[Available data]
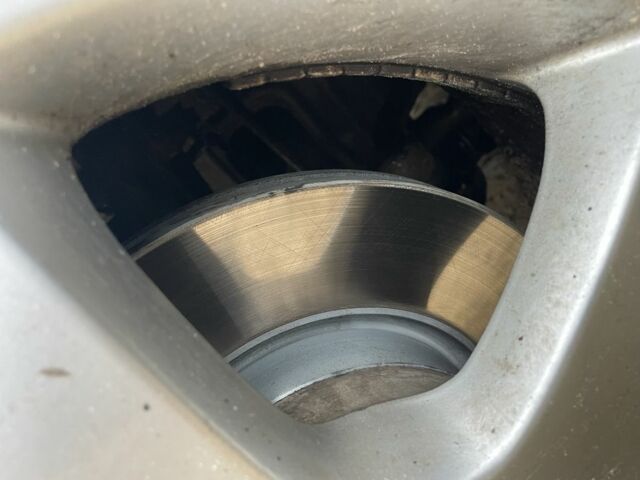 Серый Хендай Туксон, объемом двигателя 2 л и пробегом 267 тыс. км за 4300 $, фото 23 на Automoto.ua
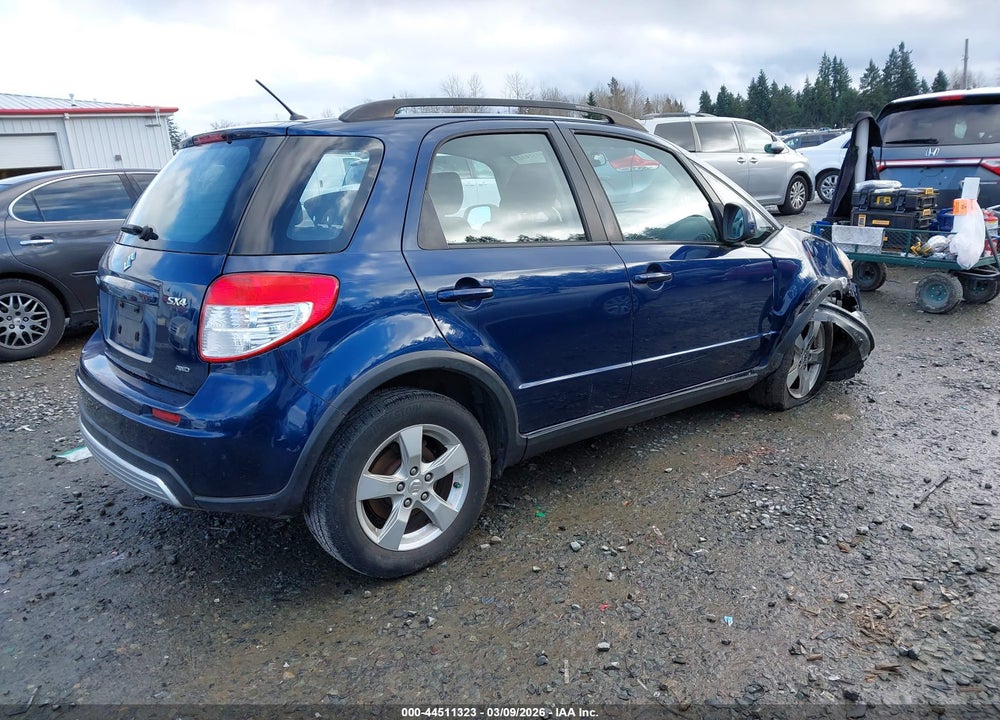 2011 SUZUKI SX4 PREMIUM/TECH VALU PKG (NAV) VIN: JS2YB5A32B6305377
[/Available data]
[Available data]
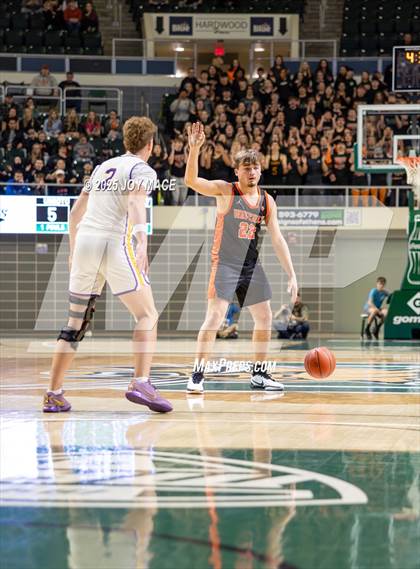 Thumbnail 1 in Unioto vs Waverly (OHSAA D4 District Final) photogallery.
[/Available data]
> _Task brief_: Leave the pictures out. Output, exactly, the lines of the material above starting at the line containing "Серый Хендай Туксон, объемом" and ending at the line containing "2011 SUZUKI SX4".

> _Result_:
 Серый Хендай Туксон, объемом двигателя 2 л и пробегом 267 тыс. км за 4300 $, фото 23 на Automoto.ua
 2011 SUZUKI SX4 PREMIUM/TECH VALU PKG (NAV) VIN: JS2YB5A32B6305377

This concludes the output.